Limit of $\sqrt[n]a$ for $0

Question

I am trying to prove that the sequence $(a_n)_{n\geq1}$ where $a_n = \sqrt[n]a$ for $0<a<1$ converges to $1$. So that $$\lim_{n\to\infty}\sqrt[n]a=1$$

I have managed to prove it for $1 \lt a$, using the fact that : $$\sqrt[n]a = \theta_n + 1 \implies a = (\theta_n + 1)^n \implies a = \sum_{k = 0}^n \binom{n}{k} \theta_n^k \gt \binom{n}{1}\theta_n=n\theta_n \implies \theta_n \lt \frac{a}{n}$$

Thus setting $n_\epsilon = \frac{a}{\epsilon}$, we have $\forall n \gt n_\epsilon, \theta_n \lt \epsilon \implies \lvert \sqrt[n]a - 1 \rvert < \epsilon$. Thus $\lim_{x\to\infty}\sqrt[n]a=1$.

However, this method does not work for $0<a<1$ as $\theta_n < 0$. I have tried finding a solution using $\sqrt[n]a = 1- \theta_n$, however this introduces a $(-1)^k$ in the sum. I have also tried setting $a = \frac{1}{b}$ with $1<b$, however this method is not satisfactory as it used reasoning in theorems outside of the ones allowed. Finally, I also know that I could probably use the monotone convergence theorem, but I ran into some trouble showing that $\sqrt[n]a < \sqrt[n+1]a$.
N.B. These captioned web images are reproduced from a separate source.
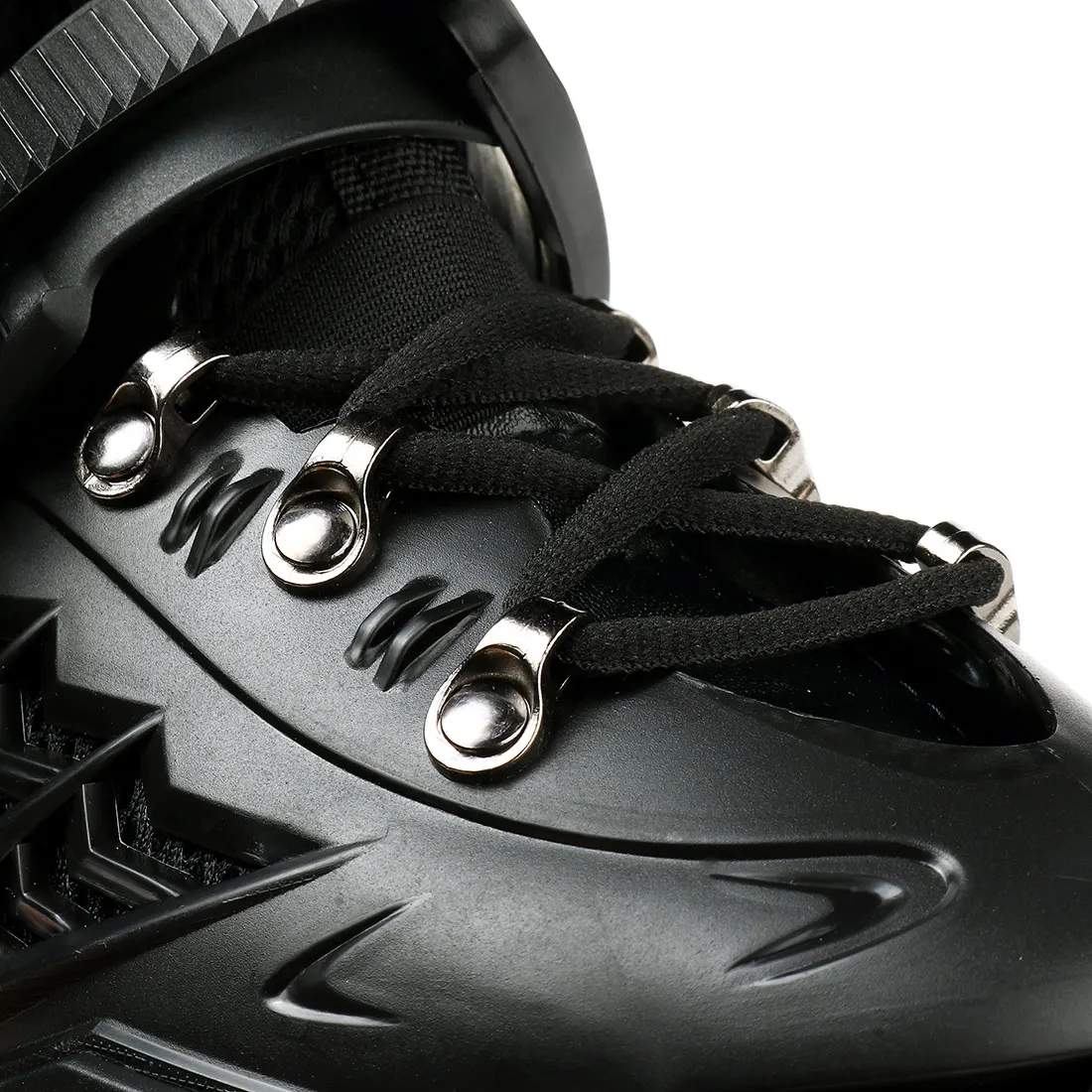 PU Leather inline skate shoes skating 4 wheel roller skates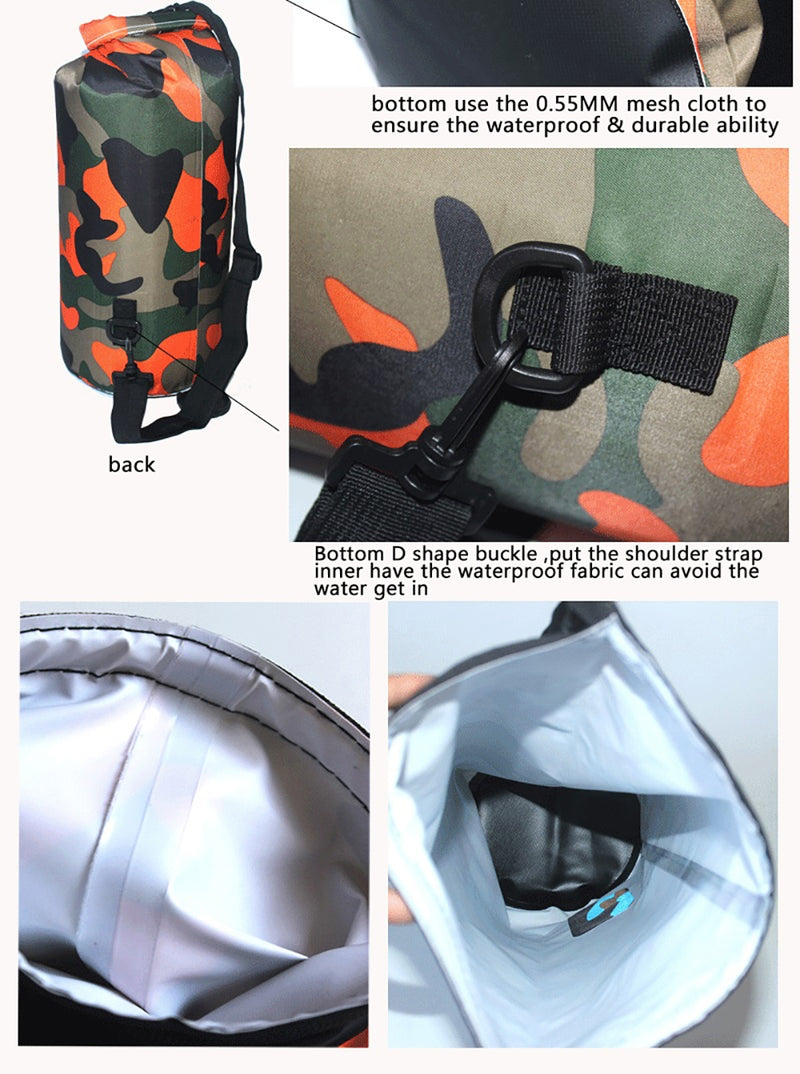 Camo Waterproof Dry Bag (WP-07)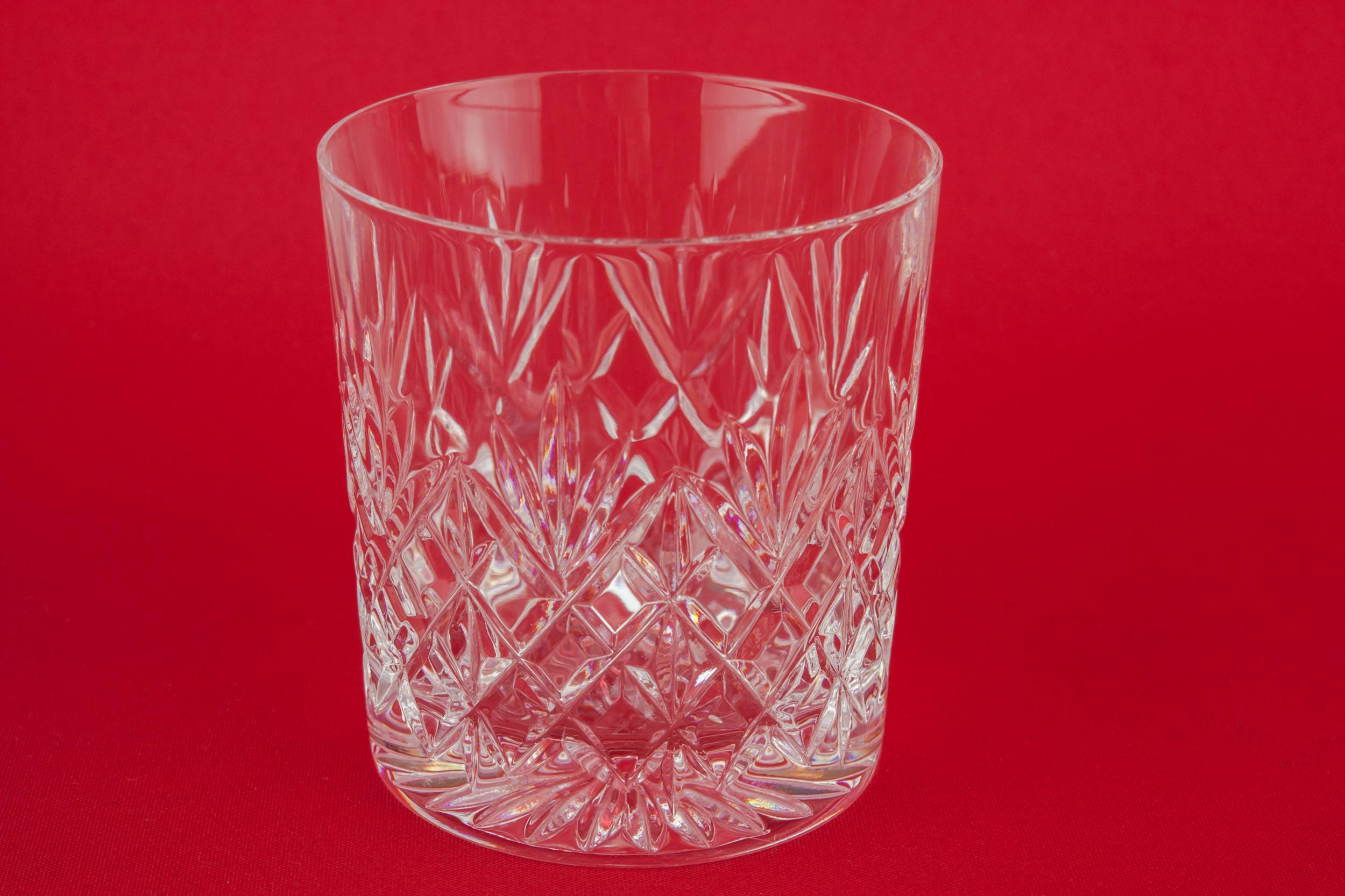 Cut Retro Punch — 4 tumbler whisky glasses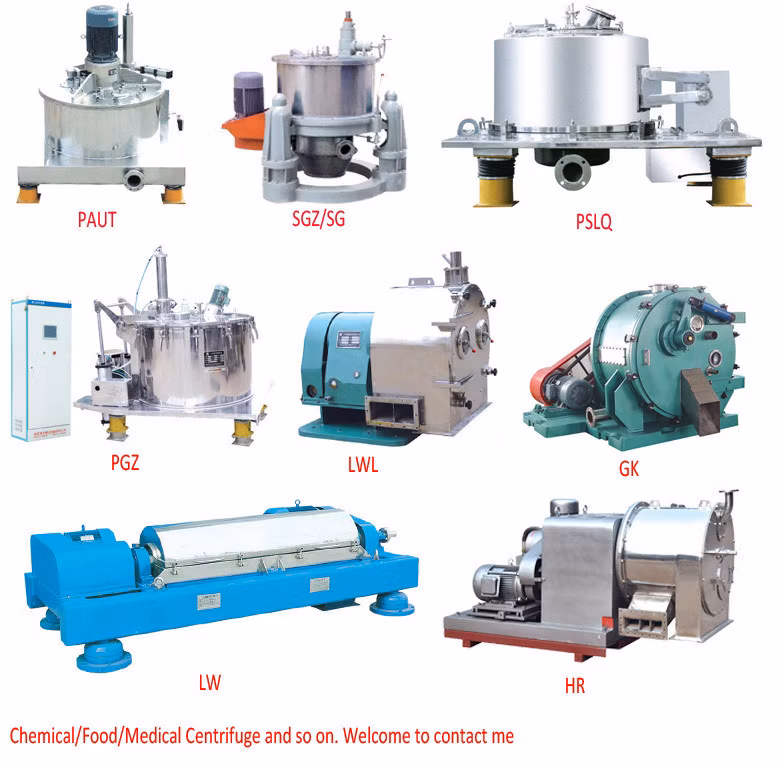 2017 New Products High Speed Disc Centrifuge Bowl Centrifuge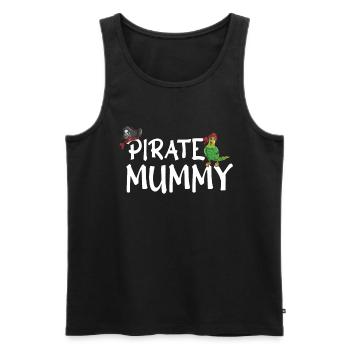 Pirate Mommy Women Girl Pirate Costume Movie Night - Men's Premium Organic Tank Top - black - Front - AI Model Male 178 light (178cm)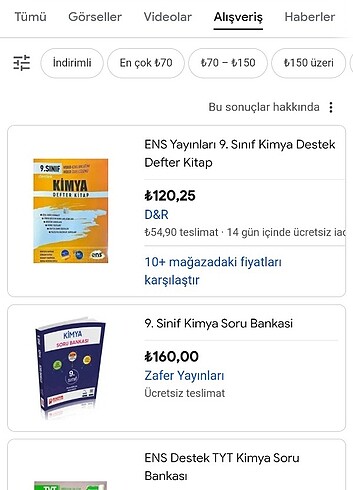 9. SINIF KİMYA ENS YAYINLARI YENİ BASIM - Görsel 2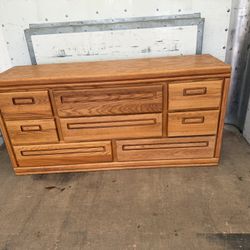 Solid Oak Low Dresser / TV Stand – Heavy Duty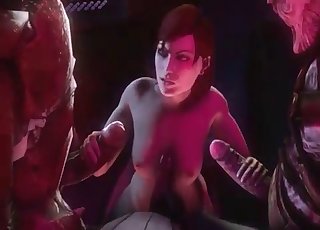 सबसे सुंदर ज़ूफ़िलिया 3some एक्शन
I would like a hint for the direction to take to show the above limit for $0<a<1$, preferably using the method above. Thanks for reading !

Answer 1

Let $0<a<1$;

$a^{1/n} =\dfrac{1}{1+e_n}$, where $e_n >0;$

$a=\dfrac{1}{(1+e_n)^n};$

$\dfrac{1}{a}=(1+e_n)^n>1+ne_n;$

$ne_n < \dfrac{1}{a}-1$ $(>0);$

$0<e_n<(1/n)(\dfrac{1}{a}-1);$

Sandwich.

Answer 2

Here is an alternative approach:

\begin{align*} \lim_{n\to\infty}\sqrt[n]{a} & = \lim_{n\to\infty}\exp\left(\ln(\sqrt[n]{a})\right)\\\\ & = \lim_{n\to\infty}\exp\left(\frac{\ln(a)}{n}\right)\\\\ & = \exp\left(\lim_{n\to\infty}\frac{\ln(a)}{n}\right)\\\\ & = \exp(0) = 1 \end{align*}

Hopefully this helps !

Answer 3

Yet another alternative approach:

1. Show $\lim_{n \to \infty} \sqrt[n]{a} \le 1$: \begin{align} 0 < a < 1 \implies \sqrt[n]{a} < \sqrt[n]{1}=1 \quad\forall n \end{align} since $\sqrt[n]{-}$ is strictly increasing on $\mathbb{R}^+$.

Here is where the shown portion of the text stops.